Please keep the advice coming


----------



## Siamese Kelly (Jan 6, 2008)

Try using a piece of loo paper to take on the smell of your kitts wee/poo, and place it in the litter tray,also watch and see if they have certain behaviours leading up to the act and you'll be able to know best when to approach for teachingDoes he or she talk before they do their biz?

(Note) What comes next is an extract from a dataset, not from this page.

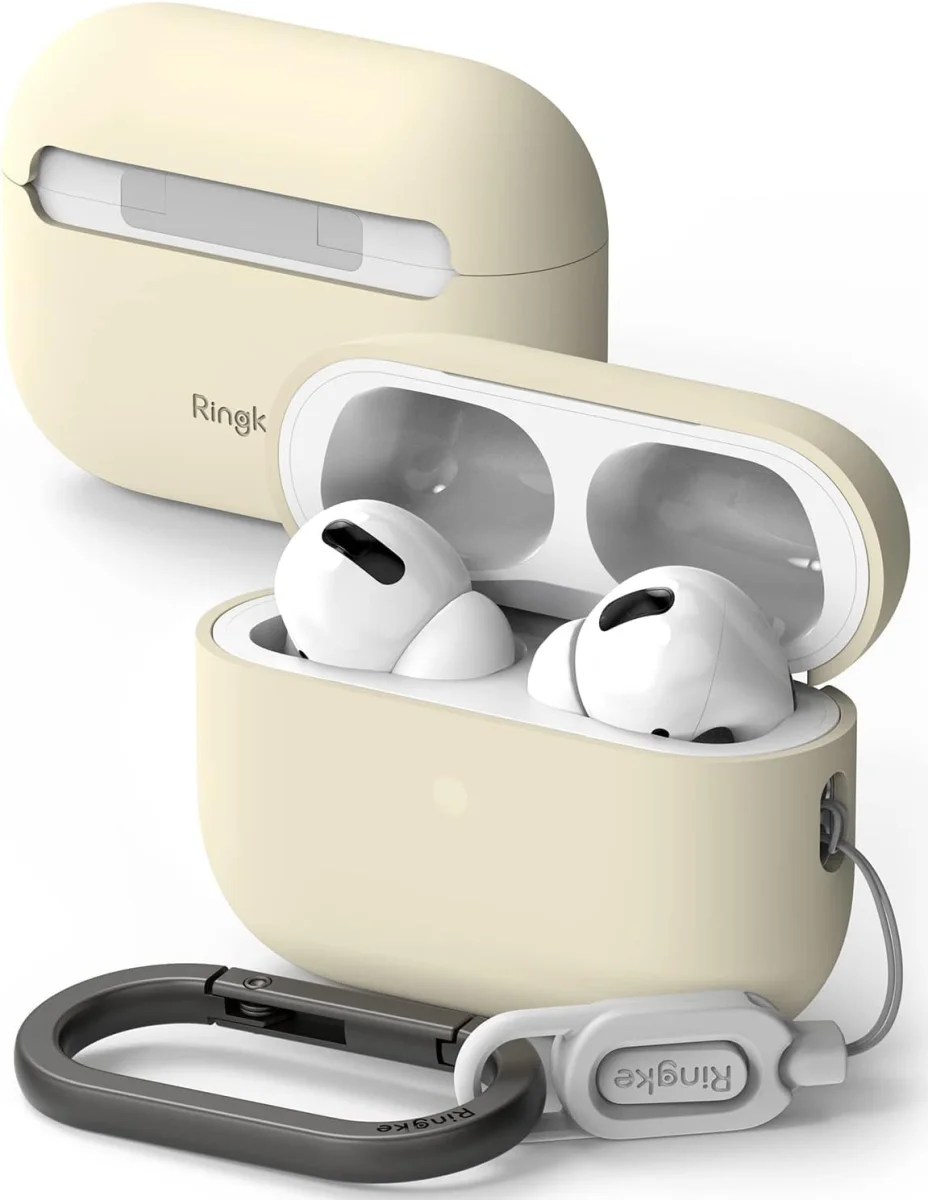 Ringke Case Apple AirPods Pro 1 / 2 Hoesje Siliconen Beige afbeelding 1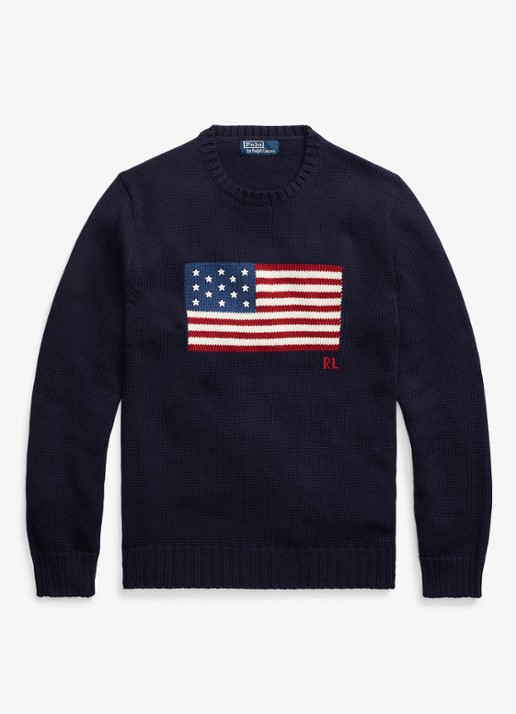 Ralph Lauren Fijngebreide trui met logo - voorkant 3 hunter navy / donkerblauw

Our cats and kittens run around(I suppose to get everything moving) right before they fill their traysAnd some kitts are "toilet talkers"-in that they talk to tell you they need the loo, they talk getting into the loo and tell you what they're doing whilst using the loo I agree that as cats are clean animals in general,he/she will want to be litter-trained as much as you want them to be, and with your persistence and patience, you will be a happy slave to a fully trained kitty who may surprise you and wash his/her paws afterwards too I would use a damp cloth with a smidgen of washing up liquid to clean up any accidents I am speaking of our cats/kitts now, but we've been quite fortunate in that mum does a great job of litter-training her kitts adn the odd one that takes a bit longer is usually(not always) the boys-very lazy and can be mardy , so i do think as your his/her "mum" you'll figure it out,and on the plus it's a great excuse to spend even more time with your kittPlease do let us know how you both get on and keep at it,you'll get their


----------



## daveleeuk (Jan 24, 2008)

How old were your kittens when you got them? Before I got mine I read that they need to be atleast 10 weeks old, because their mum litter trains them herself...

For stains, I got some 'Pet Stain Remover', I havn't had to use it yet but I guess it works! It's available in most pet shops and big supermarkets.

-good luck


----------